PCIe Endpoint Mode

Applies to the Jetson Orin series.

Jetson Linux contains the following software support for PCIe endpoint mode:

  • A Linux kernel device driver for the PCIe endpoint controller.

    This driver configures the PCIe controller as an endpoint, and provides an interface for higher-level software to select the configuration that is exposed to the PCIe bus.

    The source code for this driver is available at the following paths in the Jetson Linux kernel source package:

    kernel-jammy-src/drivers/pci/controller/dwc/pcie-tegra194.c
    kernel-jammy-src/drivers/pci/controller/dwc/
    
  • A sample Linux kernel PCIe endpoint function driver.

    This driver configures properties of the PCIe endpoint, such as BAR count and size, and IRQ count. It also implements any runtime functionality of the endpoint.

    The sample driver is a trivial implementation, useful for demonstration purposes only. It just exposes some endpoint RAM to the PCIe bus. It does not interact with the host or with other parts of the endpoint software. You must implement your own PCIe endpoint function driver according to the needs of your application.

    The source code for this driver is available at the following path in the Jetson Linux kernel source package:

    nvidia-oot/drivers/pci/endpoint/functions/pci-epf-dma-test.c
    
  • A Linux kernel PCIe endpoint subsystem.

    The source code for this subsystem is available at the following path in the Jetson Linux kernel source package:

    kernel-jammy-src/drivers/pci/endpoint
    

Hardware Requirements

To use PCIe endpoint support, you need the following hardware:

  • Any Jetson Orin series device, which is running Jetson Linux, to act as the PCIe endpoint.

  • Another computer system to act as the PCIe root port.

    The following instructions assume that a Jetson Orin series device is used as a second device that is running Jetson Linux.

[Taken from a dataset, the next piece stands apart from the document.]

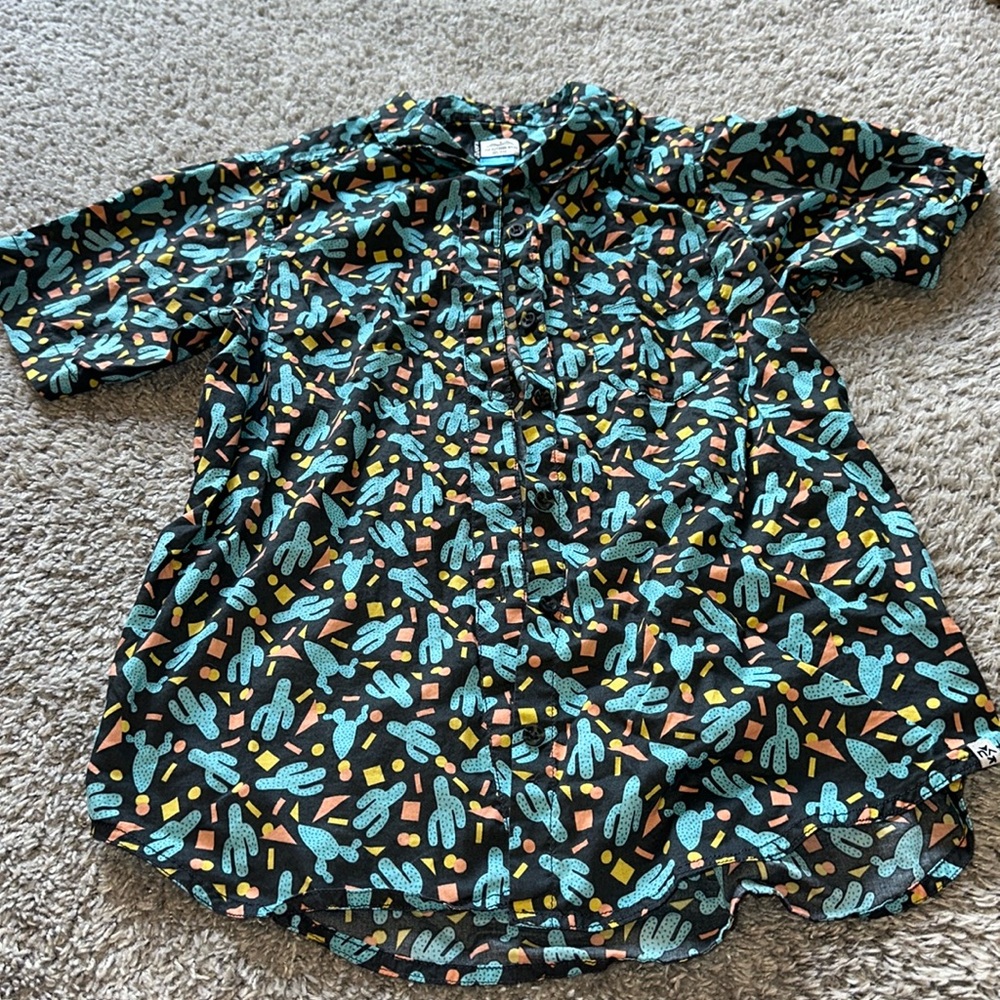 Kavu cacti button down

You can use any standard x86-64 PC that is running Linux.

  • Cables to connect the two devices.

Important

The commands in the following procedure must be run as the root user. Some commands use shell I/O redirection and will not operate correctly if run by using sudo.

Flashing PCIe as Endpoint on a Jetson AGX Orin Series System

  1. In the extracted Jetson Linux release directory, edit the jetson-agx-orin-devkit.conf file.

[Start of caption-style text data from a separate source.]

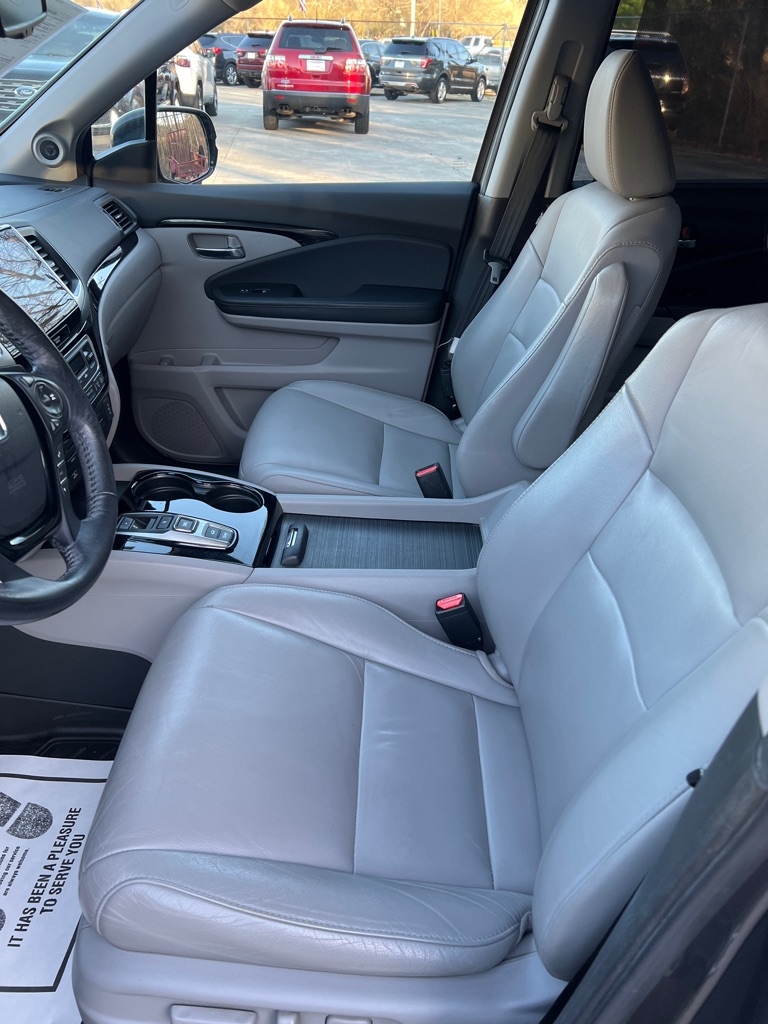 Honda Pilot Touring AWD 2017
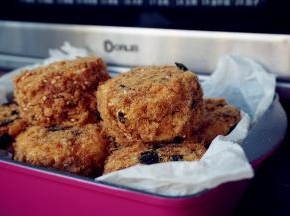 在四周也抹上沙拉酱粘肉松，海苔肉松小贝就做好了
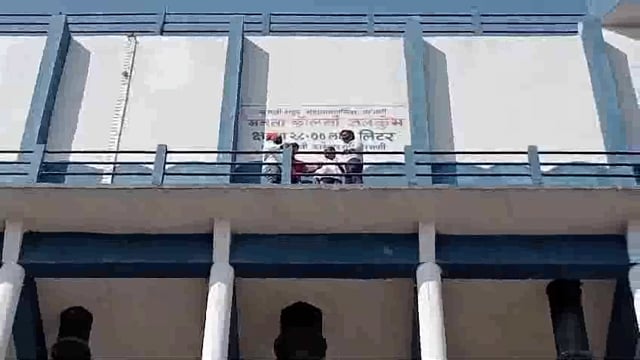 परभणी रस्त्याच्या दुरुस्तीसाठी तरुण चढला जलकुंभावर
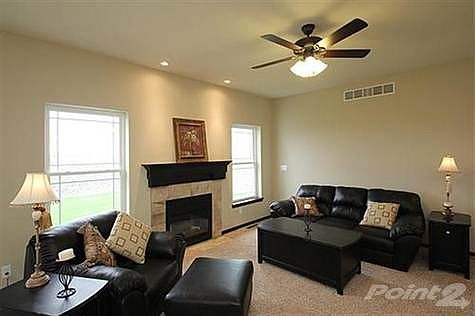 1st image of 875 Molly Dr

  2. To set nvhs-uphy-config-1, add the following line to override ODMDATA:

    ODMDATA="gbe-uphy-config-22,nvhs-uphy-config-1,hsio-uphy-config-0,gbe0-enable-10g,hsstp-lane-map-3";
    
  3. To reflash the device, run this command:

    # sudo ./flash.sh jetson-agx-orin-devkit mmcblk0p1
    

    This step completely erases data that was previously stored on the Jetson device.

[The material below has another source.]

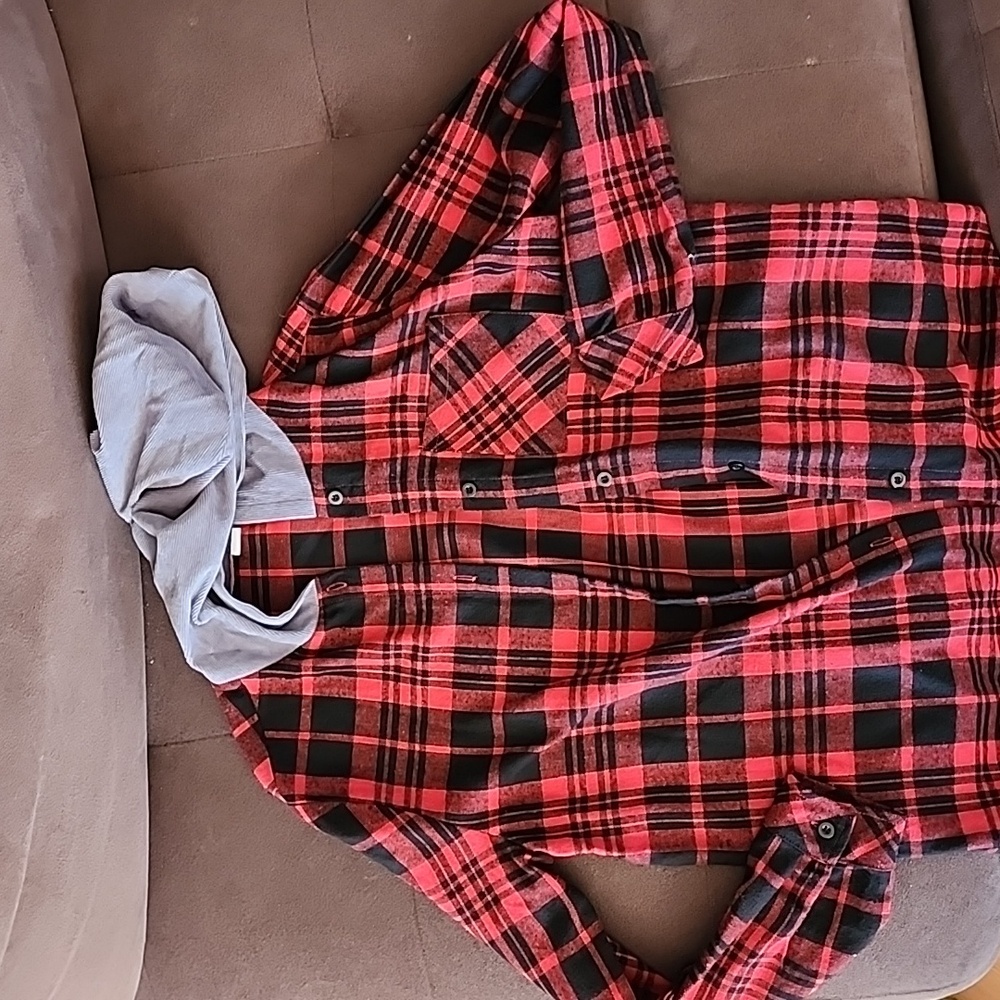 Boys size 13/14 Flannel w/Hood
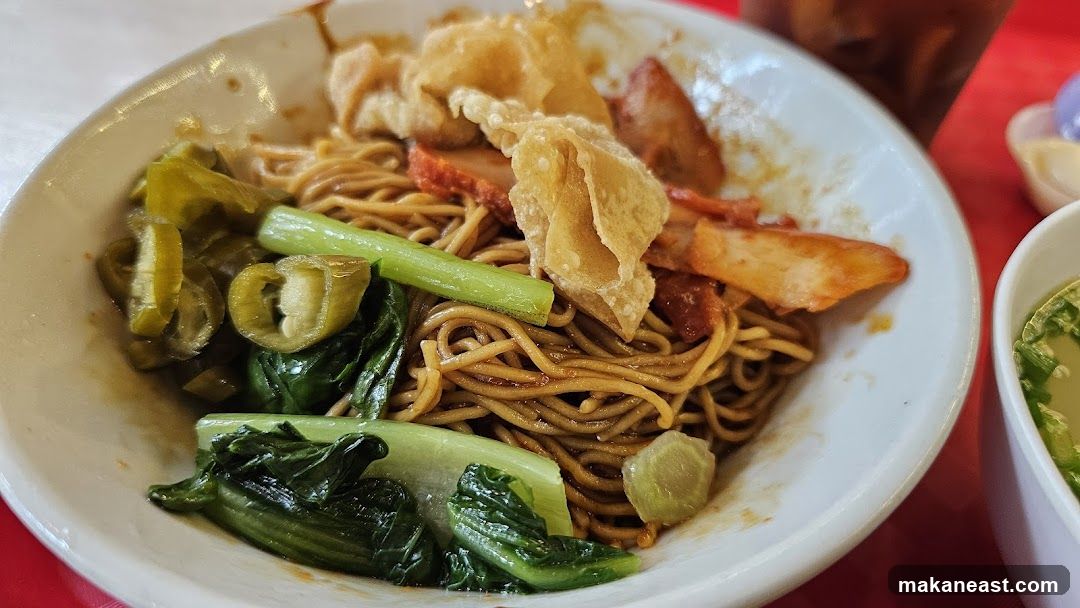 Noodles with Char Siu and Vegetables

  4. Delete ODMDATA from jetson-agx-orin-devkit.conf to restore the property’s original value.

    This step ensures that devices flashed in the future will operate in PCIe root port mode.

Flashing PCIe as Endpoint on a Jetson Orin NX/Nano Series System

  1. In the extracted Jetson Linux release directory, edit the jetson-orin-nano-devkit.conf file.

  2. To set hsio-uphy-config-41, add the following line to override ODMDATA:

    ODMDATA="gbe-uphy-config-8,hsstp-lane-map-3,hsio-uphy-config-41";
    
  3. To reflash the device, run this command:

    sudo ./tools/kernel_flash/l4t_initrd_flash.sh --external-device nvme0n1p1  \
    -c tools/kernel_flash//flash_l4t_t234_nvme.xml -p "-c bootloader/generic/cfg/flash_t234_qspi.xml" \
    --showlogs --network usb0 jetson-orin-nano-devkit internal
    
  4. Delete ODMDATA from jetson-orin-nano-devkit.conf to restore the property’s original value.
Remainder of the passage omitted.